Sunday, June 9, 2013

2013 Timeline - Let's play catch up, shall we?

So we know where we started, let's catch up a bit.  It's only mid-June, so this won't take too long. 

First Update: May 2013

We had some really hot days in May, and that's pretty good for my garden.  The positioning of the garden has turned out to be really beneficial this year.  It's in the narrow space between the house and the neighbor's concrete wall.  It's about 6x20, and it gets shade in the late afternoon, when it's so hot here.  It gets soft morning sun, and noonday sun. 



 
 
Here's the May rundown: 
5 tomato plants: yellow, early girl, beefsteak, mortgage lifter and one other that I can't find the tag for, so I don't remember. 
Pole beans: 5 pots, trellised with string and wooden poles.
Berries: 4 thornless blackberry and 3 raspberry
Bush beans:  about 8 plants in various containers. 
Strawberries: 6 plants in two round containers
 
I also had an herb pot (shown below when first planted), but I lost most of it early on.  I don't know why I ever bother growing cilantro.  It barely waited until I got it into the pot to die.  We have a fantastic farmers market here in town, and I can get 4 (sometimes 5) for a dollar, so why bother trying to grow it when it's so temperamental?  In that herb pot were 2 cilantro, a boxwood basil, a rosemary and a pineapple sage.  The boxwood basil also died.  I think it was the case of too much water and not enough sunlight.  I had it outside the back door and it gets too much shade there.  It started out looking like this...  I loved the little tipped pot in the middle.  I knew it would get overrun but I figured it was cute for now.  The nasturtiums were started from seed and I thought they would put a lovely pop of color in an otherwise green pot.  Well, it didn't go the way I'd planned at all.

 
 Within a couple of weeks, it looked like this.  Dead.  The rosemary and the pineapple sage endured with no problems.  The nasturtiums had to move to a higher point, because The Trampler decided that they were yummy.  There's a bean plant in the middle, I know.  It was temporary housing, and it's not like anything else was growing in there.

I knew this was going to need an overhaul, but I didn't get to it right away.  May got really busy, with Mother's Day, my parents moving, my son's graduation from high school, and the general chaos that is my life. 

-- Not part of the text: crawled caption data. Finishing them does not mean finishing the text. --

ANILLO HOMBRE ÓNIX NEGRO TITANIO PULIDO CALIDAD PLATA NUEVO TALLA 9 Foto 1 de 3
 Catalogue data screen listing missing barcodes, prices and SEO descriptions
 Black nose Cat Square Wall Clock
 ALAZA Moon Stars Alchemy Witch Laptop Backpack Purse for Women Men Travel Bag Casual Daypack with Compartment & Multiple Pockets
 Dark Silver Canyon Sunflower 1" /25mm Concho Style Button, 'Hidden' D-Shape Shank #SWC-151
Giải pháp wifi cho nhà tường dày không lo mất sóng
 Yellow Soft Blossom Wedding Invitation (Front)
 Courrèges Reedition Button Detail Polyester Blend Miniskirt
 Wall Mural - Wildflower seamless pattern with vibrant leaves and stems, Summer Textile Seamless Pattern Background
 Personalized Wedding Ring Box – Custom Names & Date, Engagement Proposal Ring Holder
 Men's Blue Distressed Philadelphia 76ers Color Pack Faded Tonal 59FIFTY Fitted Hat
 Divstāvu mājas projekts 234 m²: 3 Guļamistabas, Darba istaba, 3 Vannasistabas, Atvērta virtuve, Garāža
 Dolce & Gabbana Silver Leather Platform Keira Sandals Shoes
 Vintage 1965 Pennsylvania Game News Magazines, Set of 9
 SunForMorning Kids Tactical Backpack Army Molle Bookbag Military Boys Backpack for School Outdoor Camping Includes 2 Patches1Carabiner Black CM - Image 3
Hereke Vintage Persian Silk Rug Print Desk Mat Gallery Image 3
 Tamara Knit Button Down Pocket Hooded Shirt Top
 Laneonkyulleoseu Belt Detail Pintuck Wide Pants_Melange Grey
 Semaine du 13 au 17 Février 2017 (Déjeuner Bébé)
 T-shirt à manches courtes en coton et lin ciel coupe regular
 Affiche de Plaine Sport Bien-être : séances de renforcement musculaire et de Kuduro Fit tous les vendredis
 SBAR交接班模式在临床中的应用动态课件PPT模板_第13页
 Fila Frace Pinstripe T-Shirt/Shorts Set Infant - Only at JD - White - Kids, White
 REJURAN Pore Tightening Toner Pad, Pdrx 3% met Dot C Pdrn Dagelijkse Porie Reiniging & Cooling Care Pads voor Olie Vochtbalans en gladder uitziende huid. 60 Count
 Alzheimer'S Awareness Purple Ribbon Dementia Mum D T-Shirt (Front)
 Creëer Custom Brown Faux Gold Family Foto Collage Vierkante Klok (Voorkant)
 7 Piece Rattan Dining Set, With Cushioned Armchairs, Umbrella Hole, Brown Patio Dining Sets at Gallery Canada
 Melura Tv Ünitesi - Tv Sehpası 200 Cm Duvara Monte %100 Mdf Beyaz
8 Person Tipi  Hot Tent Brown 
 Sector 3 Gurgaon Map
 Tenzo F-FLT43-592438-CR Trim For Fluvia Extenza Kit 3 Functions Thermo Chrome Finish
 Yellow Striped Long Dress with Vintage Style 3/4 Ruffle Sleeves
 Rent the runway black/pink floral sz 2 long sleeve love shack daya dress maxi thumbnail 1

The Guy's peppers were coming along nicely too.    We got several in May, and we enjoyed stuffing them and grilling them on the BBQ.  The Pipsqueak (pictured above) is all about gardening.  She loves to help her daddy out whenever he's weeding, cleaning or picking.  Maybe she's really all about Daddy, I'm not sure, but it sure seems like she likes it.  My other daughter, the Garden Diva, loves it.  I'll have to get some pictures of her in here later.


May was busy for my half of the garden, too, although I didn't get the harvests that he did.  Patience, grasshopper...  So, I had to be content with tinkering, weeding and hunting for caterpillars  (which is always a fun chore).  The Early Girl tomatoes gave me a few here and there, which is why they are called Early Girl, I suppose.  I had my first tomato by Mother's Day, and I gave it to my grandma, along with a handful of beans.  I thought it was kind of cool to present her my first harvest, since she is the inspiration for four generations of gardening in my family. 


I got bored with tinkering, so of course, I added to the garden.  New tenants!  The peas that I had planted along the back trellis weren't doing very well.  It was just too hot and sunny for them. Yanked 'em.   I planted some spaghetti squash, a crookneck squash and a half dozen Black Beauty zucchini squash into these pots, and they made themselves quite at home there.  Mom said that the pots were too small, and I've come to realize that she was very, very right...  but they are doing ok so I'm not going to disturb them.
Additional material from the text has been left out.